NonLTE

class sbpy.activity.gas.NonLTE[source]

Bases: object

Class method for non LTE production rate models Not Yet implemented

Methods Summary

from_pyradex(self, integrated_flux, mol_data)

Calculate production rate from the Non-LTE iterative code pyradex Presently, only the LAMDA catalog is supported by this function.

Methods Documentation

from_pyradex(self, integrated_flux, mol_data, line_width=<Quantity 1. km / s>, escapeProbGeom='lvg', iter=100, collider_density={'H2': 1980.0000000000002})[source]
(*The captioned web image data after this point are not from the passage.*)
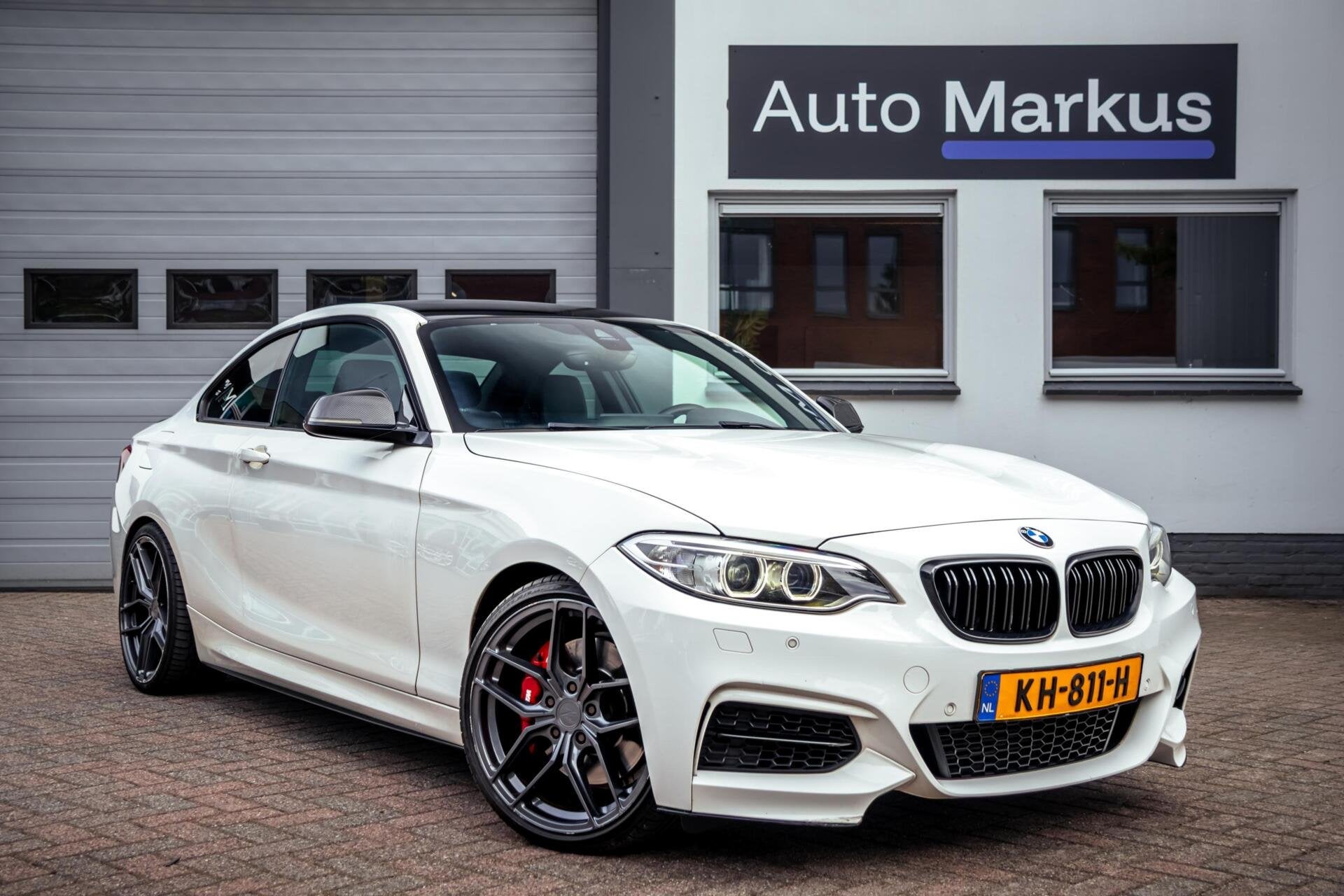 BMW 2-serie Coupé M235i xDrive|Harman\Kardon|M-Performace u, Auto's, Gebruikt, Euro 6, 4 stoelen, Wit
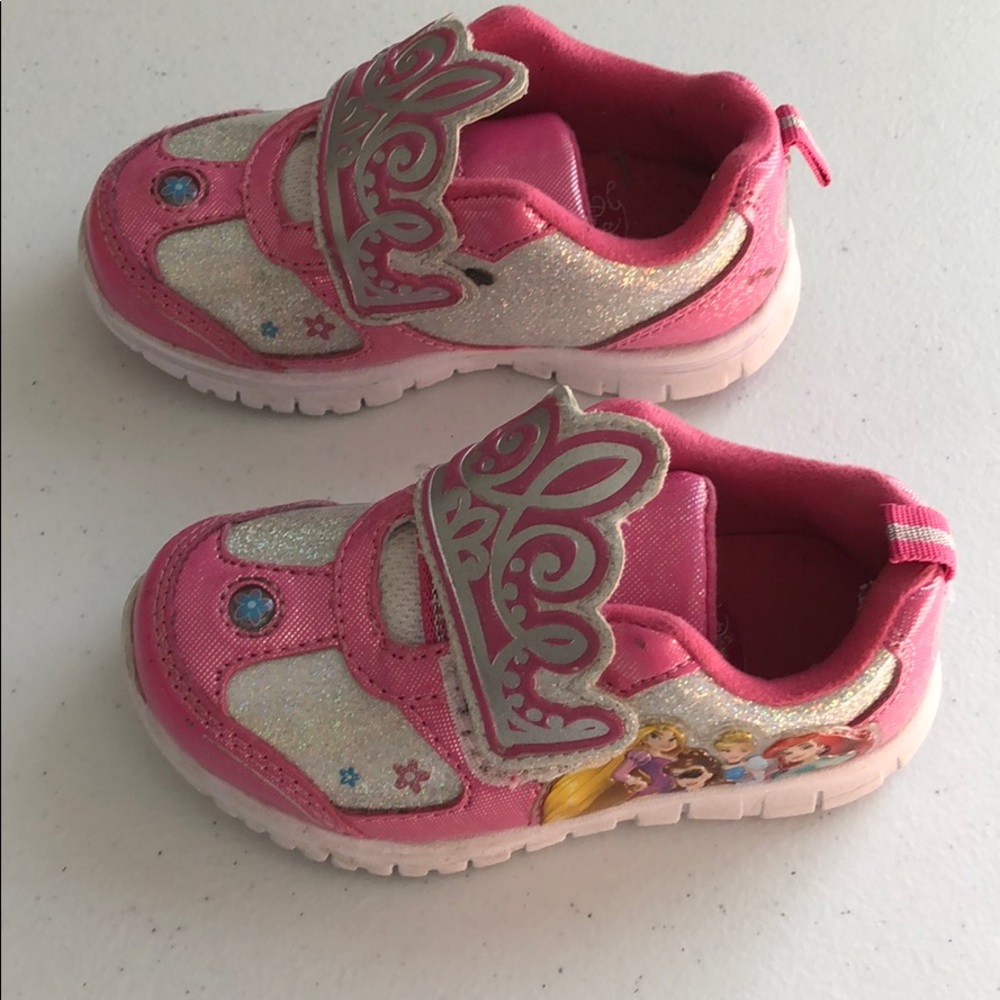 Disney Princess size 7 kids light up shoes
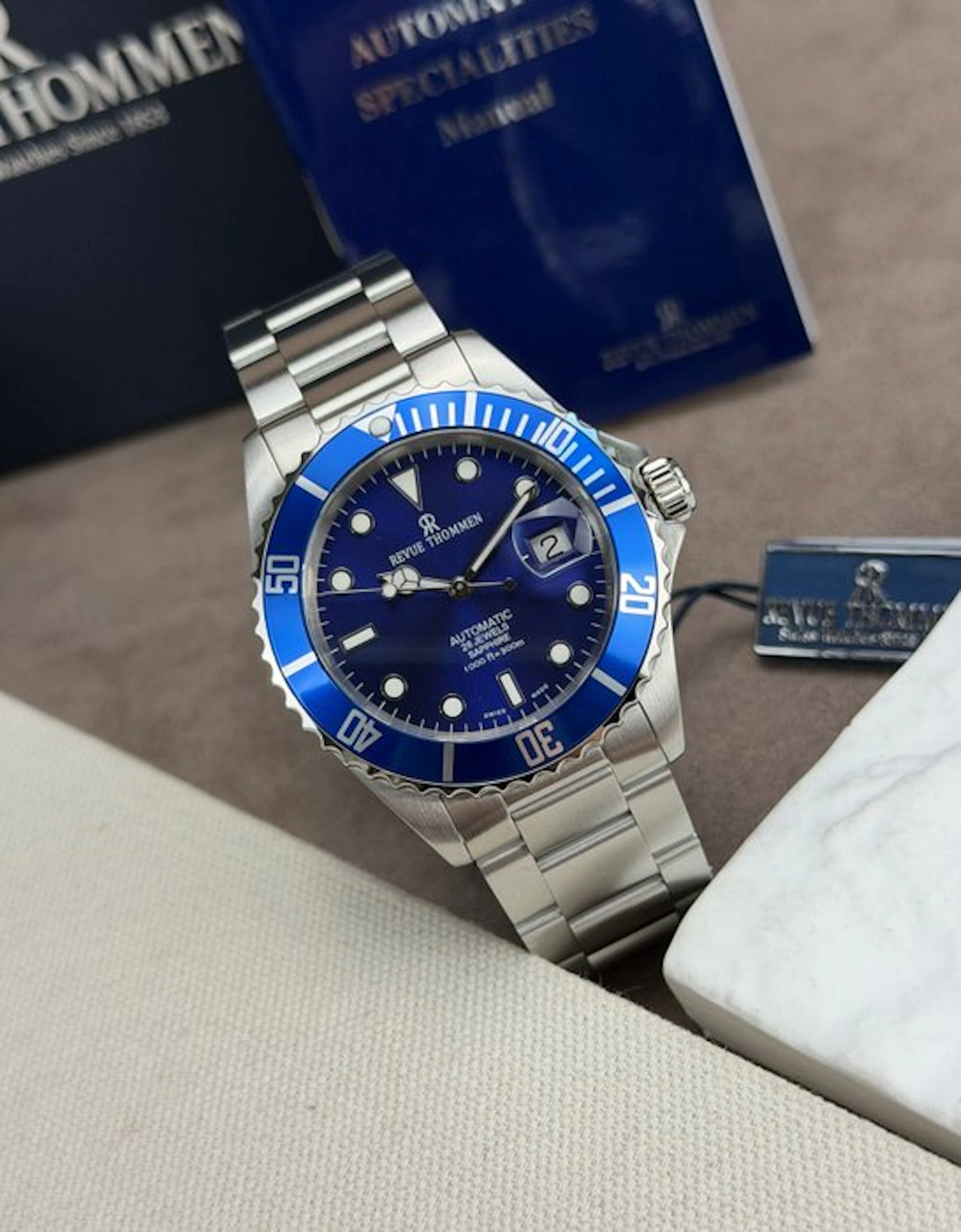Revue Thommen - Diver Automatic Date Silver/Blue - 175.712.128 - Men
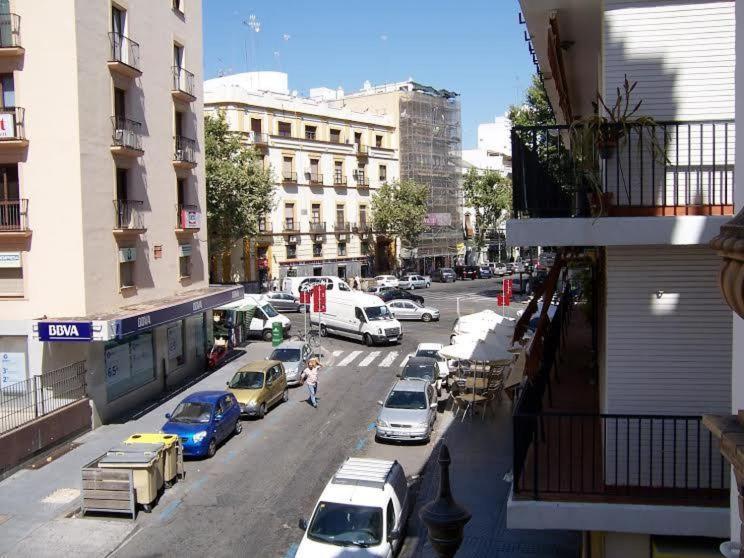 Apartamentos Rg Arenal Siviglia Camera foto
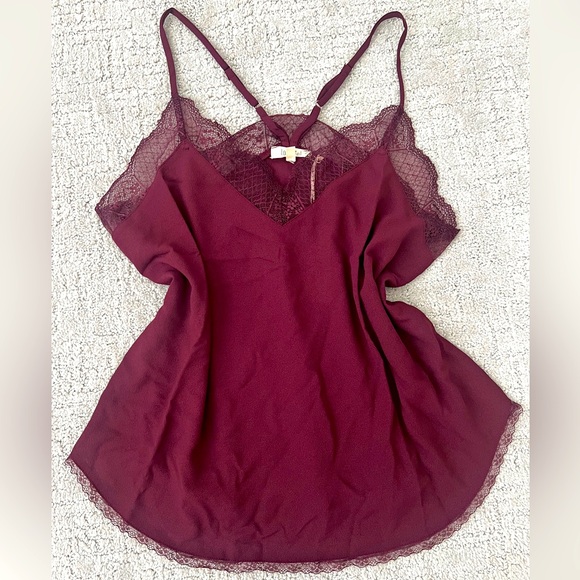 Lace trim camisole tank top - Picture 1 of 5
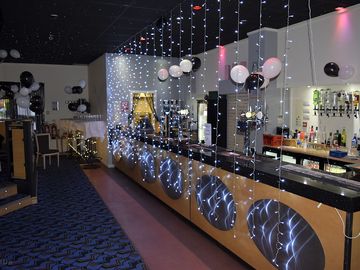 Main bar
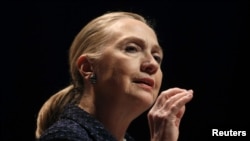 Menlu AS Hillary Clinton batal menghadiri pertemuan Sahabat Suriah karena sakit yang menurut rencana akan diselenggarakan di Maroko (12/12).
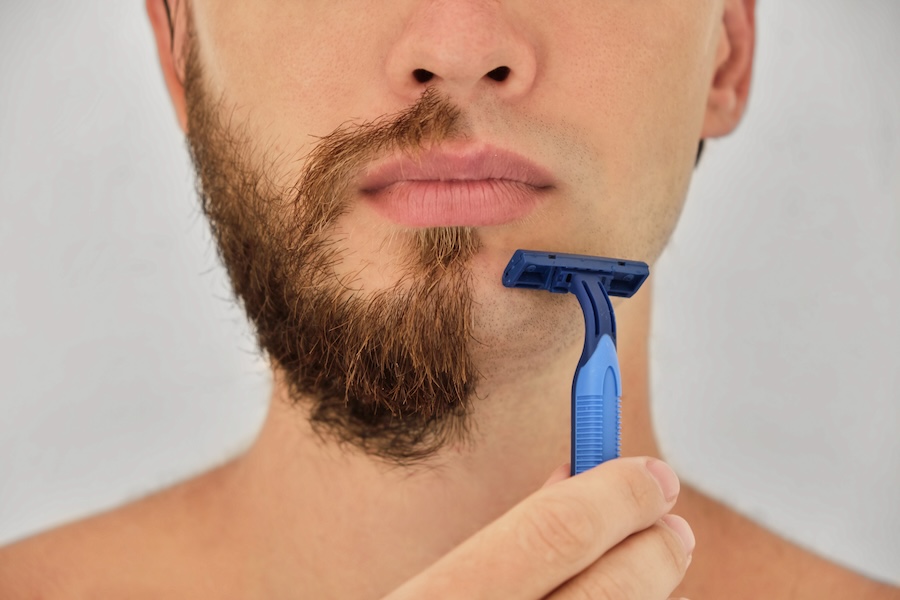 How to Trim a Neck Beard: Mastering the Perfect Beard Neckline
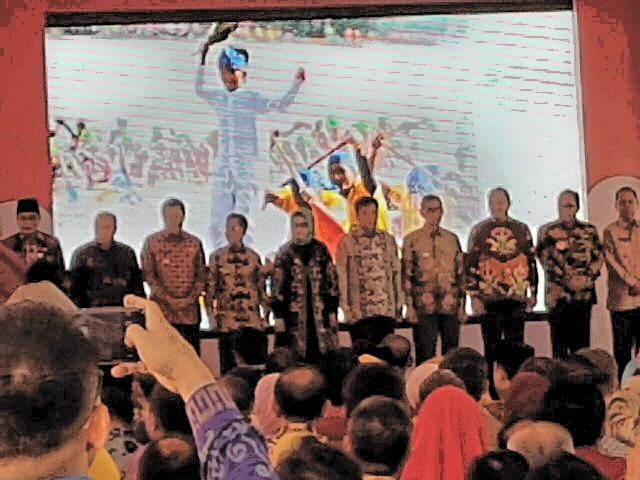 Saat Baliho Pacu Jalur Disaksikan Presiden Jokowi,  Mentri  dan Kepala Daerah se-Indonesia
Calculate production rate from the Non-LTE iterative code pyradex Presently, only the LAMDA catalog is supported by this function. In the future a function will be provided by sbpy to build your own molecular data file from JPLSpec for use in this function. Collider is assumed to be H2O for the default setting since we are only considering comet production rates. See documentation for pyradex installation tips

Parameters
integrated_fluxQuantity

The integrated flux in K * km/s

mol_datasbpy.data.phys

sbpy.data.phys object that contains AT LEAST the following data:

mol_tag: molecule of interest as string or int JPLSpec identifier
temp: kinetic temperature in gas coma (unit K)
cdensity : cdensity estimate (can be calculated from cdensity_Bockelee) (unit 1/cm^2)
temp_back: (optional) background temperature in K (default is 2.730 K)
lamda_name: (optional) LAMDA molecule identifier to avoid ambiguity. Lamda.molecule_dict provides list

Keywords that can be used for these values are found under fieldnames documentation. Make sure to inform yourself on the values needed for each function, their units, and their interchangeable keywords as part of the Phys data class.

line_widthQuantity

The FWHM line width (really, the single-zone velocity width to scale the column density by: this is most sensibly interpreted as a velocity gradient (dv/length)) in km/s (default is 1.0 km/s)

escapeProbGeomstr

Which escape probability method to use, available choices are ‘sphere’, ‘lvg’, and ‘slab’

iterint

Number of iterations you wish to perform. Default is 100, more iterations will take more time to do but will offer a better range of results to compare against. The range of guesses is built by having the column density guess and subtracting/adding an order of magnitude for the start and end values of the loop, respectively. i.e. a guess of 1e15 will create a range between 1e14 and 1e16

collider_densitydict

Dictionary of colliders and their densities in cm^-3. Allowed entries are any of the following : h2,oh2,ph2,e,He,H,H+ See Pyradex documentation for more information. Default dictionary is {‘H2’ : 900*2.2} where 900 is the collider density of H2 and 2.2 is the value for the square root of the ratio of reduced masses of H2O/H2 as follows: (mu_H2O/mu_H2)**0.5 = ((18**2/18*2)/((18*2)/(18+2)))**0.5 = 2.2 in order to scale the collisional excitation to H2O as the main collisional partner. (Walker, et al. 2014; de val Borro, et al. 2017; & Schoier, et al. 2004)

Returns
column densityQuantity

column density to use for the Haser model ratio calculation Note: it is normal for pyradex/RADEX to output warnings depending on the setup the user gives it (such as not having found a molecular data file so it searches for it on LAMDA catalog)

References

Haser 1957, Bulletin de la Societe Royale des Sciences de Liege 43, 740.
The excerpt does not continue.